George R.R. Martin has some bad news for fans: Much as fans already suspected, he had not finished the sixth book in the A Song of Ice and Fire series by his self-imposed end-of-2015 deadline.
He also admitted that it is now a certainty the HBO television adaptation, Game of Thrones, will reveal plot elements in its sixth season — which premieres in April — well before the book's release, as his publishers require a minimum of three months to take a finished book to print.
In a post to Martin's LiveJournal, the author wrote that "The Winds of Winter is not finished."
"Believe me, it gave me no pleasure to type those words," he continued. "You're disappointed, and you're not alone.
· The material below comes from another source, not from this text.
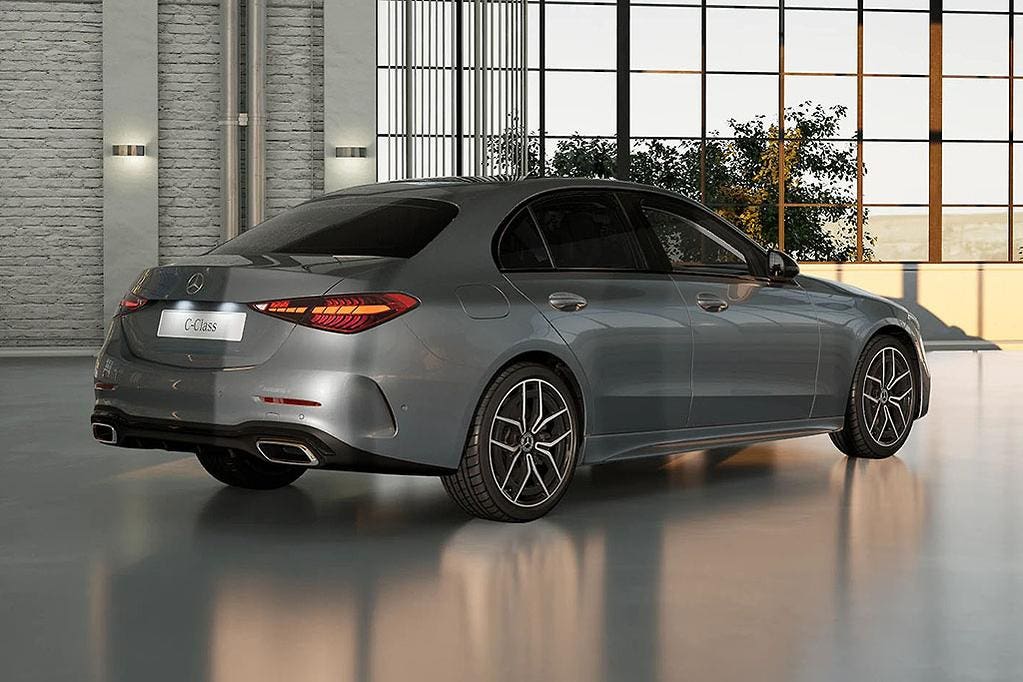 Mercedes Classe C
My editors and publishers are disappointed, HBO is disappointed, my agents and foreign publishers and translators are disappointed ... but no one could possibly be more disappointed than me."
Martin responded to claims that his age, lifestyle or travels had negatively impacted his writing schedule, saying that the process had simply not gone well in general.
"Unfortunately, the writing did not go as fast or as well as I would have liked," he wrote. "You can blame my travels or my blog posts or the distractions of other projects and the Cocteau and whatever, but maybe all that had an impact ... you can blame my age, and maybe that had an impact too ... but if truth be told, sometimes the writing goes well and sometimes it doesn't, and that was true for me even when I was in my 20s."
Martin has occasionally taken a gruff tone with fans angry over repeated delays with the book, which has been in progress since at least 2012. Earlier this year, he told fans worried he would die before the completion of the series "fuck you."
But in his blog post, Martin seemed down on himself and, at times, even contrite.
"There are no excuses," he concluded. "No one else is to blame. Not my editors and publishers, not HBO, not David & Dan. It's on me. I tried, and I am still trying. I worked on the book a couple of days ago, revising a Theon chapter and adding some new material, and I will writing on it again tomorrow."
As for whether next season of Game of Thrones will spoil the books? "Maybe. Yes and no."
Martin rolled off a long list of characters who died in the show but survived in the books and vice versa, assuring readers at least some of these were examples of true divergence rather than one or the other not catching up. He also specified that many of the changes made to the show's storyline have since grown into major differences between the two media, meaning the show will be sufficiently different, providing audiences with a different experience.
Martin's advice to fans?
"Enjoy the show. Enjoy the books," he wrote. "Meanwhile, I'll keep writing. Chapter at a time. Page at a time. Word at a time. That's all I know how to do."